___ Stored data ___

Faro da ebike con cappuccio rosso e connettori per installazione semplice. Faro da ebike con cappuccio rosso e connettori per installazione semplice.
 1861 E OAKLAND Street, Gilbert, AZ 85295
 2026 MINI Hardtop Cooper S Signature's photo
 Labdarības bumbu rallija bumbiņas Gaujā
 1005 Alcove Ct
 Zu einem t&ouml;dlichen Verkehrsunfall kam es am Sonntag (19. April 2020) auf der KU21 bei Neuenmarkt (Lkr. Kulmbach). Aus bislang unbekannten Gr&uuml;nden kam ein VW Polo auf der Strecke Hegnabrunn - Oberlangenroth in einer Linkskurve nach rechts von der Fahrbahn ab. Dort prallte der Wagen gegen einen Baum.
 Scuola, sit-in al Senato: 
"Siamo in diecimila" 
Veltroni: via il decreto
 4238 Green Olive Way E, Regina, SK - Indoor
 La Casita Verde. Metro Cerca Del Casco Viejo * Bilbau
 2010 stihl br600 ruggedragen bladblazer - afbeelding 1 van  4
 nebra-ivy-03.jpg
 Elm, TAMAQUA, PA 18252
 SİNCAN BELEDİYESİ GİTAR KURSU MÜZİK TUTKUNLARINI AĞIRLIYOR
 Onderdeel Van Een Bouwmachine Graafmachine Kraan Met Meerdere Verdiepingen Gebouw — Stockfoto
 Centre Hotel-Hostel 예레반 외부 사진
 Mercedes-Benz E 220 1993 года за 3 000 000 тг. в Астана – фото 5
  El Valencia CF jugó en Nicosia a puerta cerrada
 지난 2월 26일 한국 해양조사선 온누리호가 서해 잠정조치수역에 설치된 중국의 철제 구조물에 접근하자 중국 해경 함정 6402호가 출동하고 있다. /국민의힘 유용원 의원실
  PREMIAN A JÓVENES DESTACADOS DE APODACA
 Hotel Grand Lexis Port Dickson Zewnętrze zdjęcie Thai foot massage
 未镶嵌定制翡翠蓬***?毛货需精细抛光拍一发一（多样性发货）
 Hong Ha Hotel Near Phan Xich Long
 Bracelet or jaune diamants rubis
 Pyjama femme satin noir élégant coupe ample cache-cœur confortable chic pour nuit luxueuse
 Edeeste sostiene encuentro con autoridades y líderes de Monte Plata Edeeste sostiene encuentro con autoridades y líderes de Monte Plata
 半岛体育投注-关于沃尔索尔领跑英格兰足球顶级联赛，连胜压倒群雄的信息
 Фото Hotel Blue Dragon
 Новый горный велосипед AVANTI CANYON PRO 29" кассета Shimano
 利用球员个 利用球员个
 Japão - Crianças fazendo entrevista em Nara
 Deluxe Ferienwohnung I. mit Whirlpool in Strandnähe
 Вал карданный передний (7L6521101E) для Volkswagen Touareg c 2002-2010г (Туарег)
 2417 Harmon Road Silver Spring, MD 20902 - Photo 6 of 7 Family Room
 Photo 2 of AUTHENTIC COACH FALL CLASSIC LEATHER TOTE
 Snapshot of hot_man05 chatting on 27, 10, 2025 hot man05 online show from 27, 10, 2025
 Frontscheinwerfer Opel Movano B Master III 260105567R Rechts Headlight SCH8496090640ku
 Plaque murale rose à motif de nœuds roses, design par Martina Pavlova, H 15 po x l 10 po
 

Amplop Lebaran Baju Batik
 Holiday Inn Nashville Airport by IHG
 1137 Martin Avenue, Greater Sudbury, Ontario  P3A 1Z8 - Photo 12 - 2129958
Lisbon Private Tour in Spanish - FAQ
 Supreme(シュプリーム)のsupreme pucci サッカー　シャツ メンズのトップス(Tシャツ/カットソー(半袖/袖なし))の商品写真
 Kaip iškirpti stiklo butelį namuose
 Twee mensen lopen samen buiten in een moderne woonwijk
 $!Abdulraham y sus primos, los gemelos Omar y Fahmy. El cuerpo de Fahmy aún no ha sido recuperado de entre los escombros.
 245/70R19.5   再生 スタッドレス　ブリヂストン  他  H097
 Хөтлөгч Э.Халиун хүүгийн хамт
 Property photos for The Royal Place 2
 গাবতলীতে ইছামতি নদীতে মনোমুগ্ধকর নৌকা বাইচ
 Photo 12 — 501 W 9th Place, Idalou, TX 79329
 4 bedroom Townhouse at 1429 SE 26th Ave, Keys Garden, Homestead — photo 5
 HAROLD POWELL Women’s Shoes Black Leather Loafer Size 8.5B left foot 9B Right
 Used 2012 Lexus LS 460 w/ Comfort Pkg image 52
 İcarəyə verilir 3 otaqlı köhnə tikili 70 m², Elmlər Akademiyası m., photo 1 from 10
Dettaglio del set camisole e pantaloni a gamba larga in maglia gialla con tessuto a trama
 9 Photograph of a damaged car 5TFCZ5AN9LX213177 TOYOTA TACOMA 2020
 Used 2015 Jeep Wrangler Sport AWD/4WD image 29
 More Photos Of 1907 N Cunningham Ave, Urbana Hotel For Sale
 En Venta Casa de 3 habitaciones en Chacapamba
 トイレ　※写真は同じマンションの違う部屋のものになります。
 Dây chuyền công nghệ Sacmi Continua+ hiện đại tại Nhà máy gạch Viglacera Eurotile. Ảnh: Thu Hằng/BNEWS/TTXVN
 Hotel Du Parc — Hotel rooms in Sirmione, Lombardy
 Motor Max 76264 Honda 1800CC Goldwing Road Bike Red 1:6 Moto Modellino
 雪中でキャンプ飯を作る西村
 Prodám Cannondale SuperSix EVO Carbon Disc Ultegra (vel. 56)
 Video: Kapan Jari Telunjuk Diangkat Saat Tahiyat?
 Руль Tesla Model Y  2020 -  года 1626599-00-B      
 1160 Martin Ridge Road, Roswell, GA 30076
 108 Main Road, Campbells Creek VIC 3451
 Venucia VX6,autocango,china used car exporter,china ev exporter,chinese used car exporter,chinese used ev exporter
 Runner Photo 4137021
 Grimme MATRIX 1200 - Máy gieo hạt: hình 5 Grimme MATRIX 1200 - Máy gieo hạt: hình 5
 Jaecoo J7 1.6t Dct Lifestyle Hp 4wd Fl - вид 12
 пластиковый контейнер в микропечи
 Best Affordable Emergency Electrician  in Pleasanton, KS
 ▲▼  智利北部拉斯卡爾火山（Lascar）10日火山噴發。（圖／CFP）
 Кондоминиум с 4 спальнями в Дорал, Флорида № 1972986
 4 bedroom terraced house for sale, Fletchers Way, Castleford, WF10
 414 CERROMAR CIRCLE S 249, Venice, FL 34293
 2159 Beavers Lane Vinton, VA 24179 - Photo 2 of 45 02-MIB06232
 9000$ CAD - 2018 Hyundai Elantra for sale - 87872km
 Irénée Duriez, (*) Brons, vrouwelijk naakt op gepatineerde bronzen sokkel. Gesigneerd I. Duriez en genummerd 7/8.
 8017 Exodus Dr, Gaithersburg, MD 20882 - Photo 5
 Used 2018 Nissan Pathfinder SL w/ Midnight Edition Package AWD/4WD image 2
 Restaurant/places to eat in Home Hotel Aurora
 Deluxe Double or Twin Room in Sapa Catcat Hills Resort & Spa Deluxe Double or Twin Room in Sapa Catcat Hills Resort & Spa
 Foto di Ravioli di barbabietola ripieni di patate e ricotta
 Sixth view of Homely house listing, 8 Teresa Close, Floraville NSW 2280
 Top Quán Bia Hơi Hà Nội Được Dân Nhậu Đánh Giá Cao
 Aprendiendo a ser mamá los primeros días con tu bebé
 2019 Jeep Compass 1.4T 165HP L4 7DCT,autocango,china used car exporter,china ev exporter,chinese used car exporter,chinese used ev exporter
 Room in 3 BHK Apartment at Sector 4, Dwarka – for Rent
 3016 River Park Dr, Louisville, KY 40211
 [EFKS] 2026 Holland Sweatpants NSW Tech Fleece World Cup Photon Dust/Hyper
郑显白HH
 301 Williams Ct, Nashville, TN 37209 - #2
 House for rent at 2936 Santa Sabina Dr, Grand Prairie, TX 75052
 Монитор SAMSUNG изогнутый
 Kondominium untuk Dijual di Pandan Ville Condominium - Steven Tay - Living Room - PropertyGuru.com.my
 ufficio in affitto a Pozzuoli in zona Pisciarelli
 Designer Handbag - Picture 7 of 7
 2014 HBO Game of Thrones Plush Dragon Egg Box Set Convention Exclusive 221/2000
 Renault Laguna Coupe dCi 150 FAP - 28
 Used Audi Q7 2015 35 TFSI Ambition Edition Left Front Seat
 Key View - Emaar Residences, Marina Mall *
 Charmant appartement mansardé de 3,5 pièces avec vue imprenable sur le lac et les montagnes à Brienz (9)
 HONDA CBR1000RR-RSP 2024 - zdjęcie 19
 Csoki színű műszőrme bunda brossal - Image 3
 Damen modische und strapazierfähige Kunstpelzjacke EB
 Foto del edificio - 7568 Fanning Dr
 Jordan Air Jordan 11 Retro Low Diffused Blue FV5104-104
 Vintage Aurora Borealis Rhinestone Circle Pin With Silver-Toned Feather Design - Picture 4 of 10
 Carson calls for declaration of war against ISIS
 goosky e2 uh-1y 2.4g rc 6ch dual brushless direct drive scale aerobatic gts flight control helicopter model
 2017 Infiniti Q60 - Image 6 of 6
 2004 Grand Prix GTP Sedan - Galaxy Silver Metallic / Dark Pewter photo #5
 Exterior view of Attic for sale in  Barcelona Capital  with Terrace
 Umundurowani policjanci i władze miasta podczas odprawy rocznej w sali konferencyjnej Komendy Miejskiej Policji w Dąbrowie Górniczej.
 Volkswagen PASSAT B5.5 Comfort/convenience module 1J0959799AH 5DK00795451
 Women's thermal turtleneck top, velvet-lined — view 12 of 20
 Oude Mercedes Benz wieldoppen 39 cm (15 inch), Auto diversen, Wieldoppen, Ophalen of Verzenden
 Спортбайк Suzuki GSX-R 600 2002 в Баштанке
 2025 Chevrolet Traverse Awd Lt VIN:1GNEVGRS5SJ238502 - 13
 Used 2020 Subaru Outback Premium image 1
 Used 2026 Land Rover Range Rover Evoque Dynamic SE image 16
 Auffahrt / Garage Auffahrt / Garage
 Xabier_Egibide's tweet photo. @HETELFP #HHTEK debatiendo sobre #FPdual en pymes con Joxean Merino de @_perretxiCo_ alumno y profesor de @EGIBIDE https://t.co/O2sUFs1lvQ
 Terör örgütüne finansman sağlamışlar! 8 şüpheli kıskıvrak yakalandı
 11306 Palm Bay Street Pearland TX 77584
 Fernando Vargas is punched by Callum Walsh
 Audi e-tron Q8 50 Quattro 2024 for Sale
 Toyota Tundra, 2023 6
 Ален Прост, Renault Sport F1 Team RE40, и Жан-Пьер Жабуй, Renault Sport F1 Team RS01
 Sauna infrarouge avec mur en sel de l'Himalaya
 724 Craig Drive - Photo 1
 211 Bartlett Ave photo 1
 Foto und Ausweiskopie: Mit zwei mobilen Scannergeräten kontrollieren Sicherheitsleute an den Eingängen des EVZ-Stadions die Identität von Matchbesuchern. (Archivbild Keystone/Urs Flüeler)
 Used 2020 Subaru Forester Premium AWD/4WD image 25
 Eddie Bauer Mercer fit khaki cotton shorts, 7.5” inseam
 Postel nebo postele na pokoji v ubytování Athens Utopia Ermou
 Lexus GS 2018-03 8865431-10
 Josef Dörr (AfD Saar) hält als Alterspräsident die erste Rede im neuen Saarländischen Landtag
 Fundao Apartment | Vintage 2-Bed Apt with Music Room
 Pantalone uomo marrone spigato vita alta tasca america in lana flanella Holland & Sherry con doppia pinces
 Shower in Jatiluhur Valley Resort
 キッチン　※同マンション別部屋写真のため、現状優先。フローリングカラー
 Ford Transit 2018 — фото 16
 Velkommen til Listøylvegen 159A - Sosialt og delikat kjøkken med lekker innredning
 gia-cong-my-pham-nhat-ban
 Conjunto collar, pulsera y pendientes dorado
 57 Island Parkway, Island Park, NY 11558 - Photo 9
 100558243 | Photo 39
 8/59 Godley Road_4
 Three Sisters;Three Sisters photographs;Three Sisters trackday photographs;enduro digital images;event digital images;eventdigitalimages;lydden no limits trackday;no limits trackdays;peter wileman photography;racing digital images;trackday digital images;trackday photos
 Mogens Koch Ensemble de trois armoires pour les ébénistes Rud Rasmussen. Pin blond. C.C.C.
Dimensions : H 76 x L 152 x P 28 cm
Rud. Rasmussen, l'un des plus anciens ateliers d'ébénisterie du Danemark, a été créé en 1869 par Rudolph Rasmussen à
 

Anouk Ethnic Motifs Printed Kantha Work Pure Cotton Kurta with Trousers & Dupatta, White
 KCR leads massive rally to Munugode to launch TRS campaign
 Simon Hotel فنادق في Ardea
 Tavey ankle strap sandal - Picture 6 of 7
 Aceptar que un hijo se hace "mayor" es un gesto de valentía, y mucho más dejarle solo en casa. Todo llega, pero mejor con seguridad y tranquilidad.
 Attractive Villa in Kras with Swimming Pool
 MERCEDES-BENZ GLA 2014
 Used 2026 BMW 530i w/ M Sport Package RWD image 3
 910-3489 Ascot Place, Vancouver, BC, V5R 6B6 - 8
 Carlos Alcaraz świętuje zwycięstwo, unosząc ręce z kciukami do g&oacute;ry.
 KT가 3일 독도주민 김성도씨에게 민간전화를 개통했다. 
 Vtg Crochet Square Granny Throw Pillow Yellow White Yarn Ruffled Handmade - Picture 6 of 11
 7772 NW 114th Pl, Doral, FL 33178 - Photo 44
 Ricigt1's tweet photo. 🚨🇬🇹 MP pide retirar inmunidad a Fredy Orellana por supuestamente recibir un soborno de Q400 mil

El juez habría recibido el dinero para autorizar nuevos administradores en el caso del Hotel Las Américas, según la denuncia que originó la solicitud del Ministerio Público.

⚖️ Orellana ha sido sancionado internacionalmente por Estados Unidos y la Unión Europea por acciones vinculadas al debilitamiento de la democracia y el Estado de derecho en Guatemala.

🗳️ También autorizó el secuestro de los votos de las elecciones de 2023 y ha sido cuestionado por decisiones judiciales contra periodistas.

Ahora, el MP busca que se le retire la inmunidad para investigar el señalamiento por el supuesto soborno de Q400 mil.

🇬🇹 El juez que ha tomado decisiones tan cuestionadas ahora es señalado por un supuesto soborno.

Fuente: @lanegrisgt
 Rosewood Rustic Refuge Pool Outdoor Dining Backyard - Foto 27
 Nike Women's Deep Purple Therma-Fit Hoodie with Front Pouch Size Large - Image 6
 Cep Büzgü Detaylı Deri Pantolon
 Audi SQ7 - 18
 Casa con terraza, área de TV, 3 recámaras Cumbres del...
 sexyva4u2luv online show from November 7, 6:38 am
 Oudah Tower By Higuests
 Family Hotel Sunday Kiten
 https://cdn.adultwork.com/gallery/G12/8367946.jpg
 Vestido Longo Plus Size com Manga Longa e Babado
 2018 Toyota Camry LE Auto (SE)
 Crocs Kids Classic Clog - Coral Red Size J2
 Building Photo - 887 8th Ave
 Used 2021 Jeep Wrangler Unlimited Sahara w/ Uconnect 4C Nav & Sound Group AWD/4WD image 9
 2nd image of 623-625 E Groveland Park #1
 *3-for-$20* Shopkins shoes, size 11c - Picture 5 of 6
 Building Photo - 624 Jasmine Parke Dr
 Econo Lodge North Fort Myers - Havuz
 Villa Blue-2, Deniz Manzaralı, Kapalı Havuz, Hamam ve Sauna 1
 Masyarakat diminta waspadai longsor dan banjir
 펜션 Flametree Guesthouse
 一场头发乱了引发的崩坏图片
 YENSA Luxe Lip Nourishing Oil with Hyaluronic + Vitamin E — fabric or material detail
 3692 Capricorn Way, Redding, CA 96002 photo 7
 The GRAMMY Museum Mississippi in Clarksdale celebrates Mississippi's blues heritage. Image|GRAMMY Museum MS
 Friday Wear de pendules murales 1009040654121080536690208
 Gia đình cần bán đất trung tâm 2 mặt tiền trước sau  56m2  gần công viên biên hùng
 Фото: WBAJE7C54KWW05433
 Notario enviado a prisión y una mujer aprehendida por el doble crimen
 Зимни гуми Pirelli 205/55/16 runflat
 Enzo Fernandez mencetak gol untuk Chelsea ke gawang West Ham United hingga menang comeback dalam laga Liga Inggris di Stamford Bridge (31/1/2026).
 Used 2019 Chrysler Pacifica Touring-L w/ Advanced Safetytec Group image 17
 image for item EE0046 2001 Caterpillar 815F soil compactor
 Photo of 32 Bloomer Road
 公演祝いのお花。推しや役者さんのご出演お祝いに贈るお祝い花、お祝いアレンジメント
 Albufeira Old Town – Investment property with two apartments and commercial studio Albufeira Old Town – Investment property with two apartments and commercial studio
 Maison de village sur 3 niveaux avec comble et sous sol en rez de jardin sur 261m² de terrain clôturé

___

In the listing above, find the line containing "Foto del edificio - 7568 Fanning Dr" and the line containing "Toyota Tundra, 2023 6". Output them and every line between, exactly, and nothing else.

— Solution for this exercise —
 Foto del edificio - 7568 Fanning Dr
 Jordan Air Jordan 11 Retro Low Diffused Blue FV5104-104
 Vintage Aurora Borealis Rhinestone Circle Pin With Silver-Toned Feather Design - Picture 4 of 10
 Carson calls for declaration of war against ISIS
 goosky e2 uh-1y 2.4g rc 6ch dual brushless direct drive scale aerobatic gts flight control helicopter model
 2017 Infiniti Q60 - Image 6 of 6
 2004 Grand Prix GTP Sedan - Galaxy Silver Metallic / Dark Pewter photo #5
 Exterior view of Attic for sale in  Barcelona Capital  with Terrace
 Umundurowani policjanci i władze miasta podczas odprawy rocznej w sali konferencyjnej Komendy Miejskiej Policji w Dąbrowie Górniczej.
 Volkswagen PASSAT B5.5 Comfort/convenience module 1J0959799AH 5DK00795451
 Women's thermal turtleneck top, velvet-lined — view 12 of 20
 Oude Mercedes Benz wieldoppen 39 cm (15 inch), Auto diversen, Wieldoppen, Ophalen of Verzenden
 Спортбайк Suzuki GSX-R 600 2002 в Баштанке
 2025 Chevrolet Traverse Awd Lt VIN:1GNEVGRS5SJ238502 - 13
 Used 2020 Subaru Outback Premium image 1
 Used 2026 Land Rover Range Rover Evoque Dynamic SE image 16
 Auffahrt / Garage Auffahrt / Garage
 Xabier_Egibide's tweet photo. @HETELFP #HHTEK debatiendo sobre #FPdual en pymes con Joxean Merino de @_perretxiCo_ alumno y profesor de @EGIBIDE https://t.co/O2sUFs1lvQ
 Terör örgütüne finansman sağlamışlar! 8 şüpheli kıskıvrak yakalandı
 11306 Palm Bay Street Pearland TX 77584
 Fernando Vargas is punched by Callum Walsh
 Audi e-tron Q8 50 Quattro 2024 for Sale
 Toyota Tundra, 2023 6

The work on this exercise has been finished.